Friday, August 10, 2012

J O B S O R N O J O B S


To Be or Not to Be Like Steve Jobs?

Nearly a year after Jobs' death, his legacy inspires fierce debate among entrepreneurs.
 The iPad Cometh : Steve Jobs shows off Apple's new iPad at the Yerba Buena Gardens theater in San Francisco.

Was Steve Jobs what every entrepreneur should aspire to? Ben Austen at Wired found start-up founders to be stubbornly divided: He talked to business owners who are such fans of Jobs that they virtually wanted to wear jeans and a black turtleneck to workand also to those who run as far from the Apple co-founder's legacy as possible. Austen nicknamed them the Acolytes and the Rejectors.
What They Believe
"[Acolytes are] businesspeople who have taken the life of Steve Jobs as license to become more aggressive as visionaries, as competitors, and above all as bosses," Austen writes. "They're giving themselves over to the thrill of being a general--and, at times, a dictator.

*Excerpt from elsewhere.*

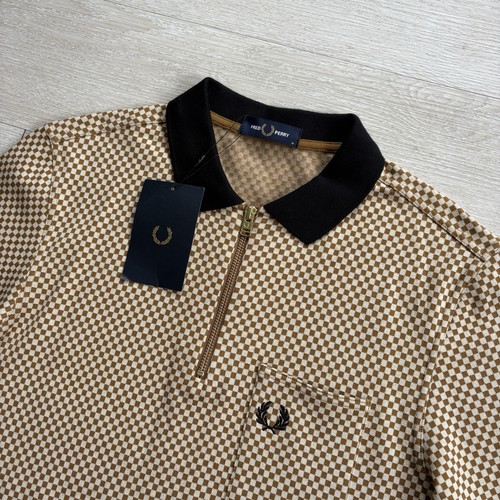 Polo fred perry micro - fred,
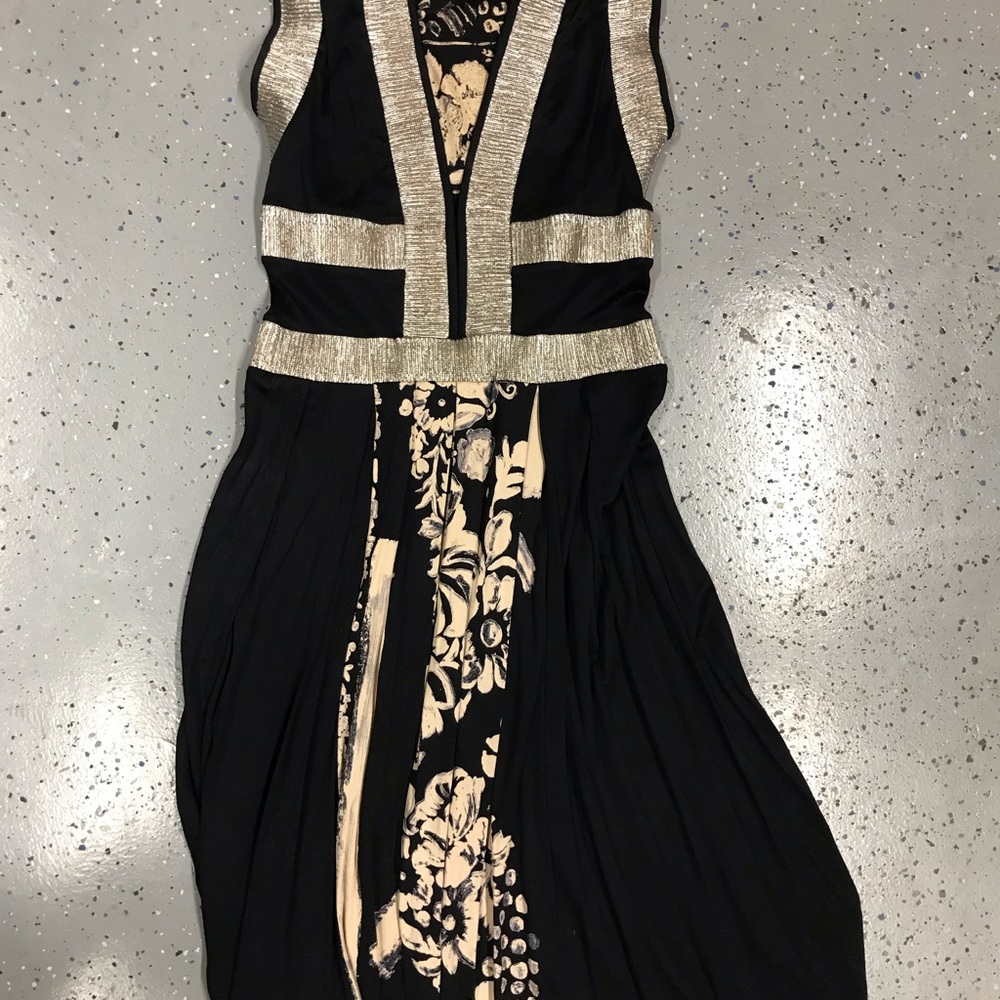 Christian Lacroix Silk Dress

Work was already the center of their lives, but Jobs' story has made them resolve to double down on that choice."
On the other hand, there are the Rejectors. "These are entrepreneurs who, on reading about Jobs since his death, have recoiled from the total picture of the man--not just his treatment of employees but the dictatorial, uncompromising way that he approached life," he notes.
The audience was so polarized because Jobs himself was a mass of contradictions, and not pleasant ones. "Isaacson's biography is full of stories of Jobs as an unpleasant individual--the fits he would throw over the most picayune-seeming details, like the type of flowers in his hotel room or the way an aging Whole Foods barista made his smoothie," writes Austen. "He would park in handicap spaces; he refused to get a license plate for his car. And he abandoned his oldest daughter, applying his 'reality distortion field' to the question of his own paternity."
Jobs or Bust?
To be Jobs or not to be Jobs, that is the question. But the inquiry itself betrays a mistake in framing the issue. There is no either-or necessary. The analysis and discrimination that an entrepreneur should apply to every situation have their place here, too. Why assume that you cannot apply the positive lessons that Jobs offered and then improve on them?
For example, holding a strong standard for how work will be done at a company is a fine goal. But a strong manager will find ways to communicate, and even be blunt, without unnecessarily tearing down someone. You could say to someone, "This really falls short, and it disappoints me because I know you are capable of so much more. That's why I hired you. Go try again." As my co-author Eric Yaverbaum and I wrote in the second edition of Everything Leadership:
Being a leader is a subtle thing. Because of the way institutions work in the world, many of us associate leadership with being in charge. A boss is someone who has authority over others that is granted by a formal relationship within an organization. Supervisors can give orders, and if they lack leadership skills but have some luck, the people in their charge might even listen. Then again, they may not; in reality it's almost impossible to force most people to do what they don't want to do.
That is why leadership is so powerful and necessary. Those who know how to lead don't force others to help them achieve goals. They persuade, inspire, coax--motivate. Leaders are successful because those who follow actually want to.
You don't need to browbeat people to have your business succeed.
Similarly, there is no need to ignore the positive aspects of what Jobs did because you find the sum of his personality to be off-putting. Be demanding, but remember that most people won't live up to your expectations all of the time--including yourself. Instead of getting angry when the world doesn't provide what you want, learn from the mistakes of others to run a better company. Leave credit for those who contributed significant work. And realize that, since family is part of life, if you want to do everything well, that also requires attention.
You can't call Steve Jobs a saint--but it would be equally inaccurate to simply demonize the man. Maybe you don't have to choose; use all the good you can find and improve on the shortcomings instead.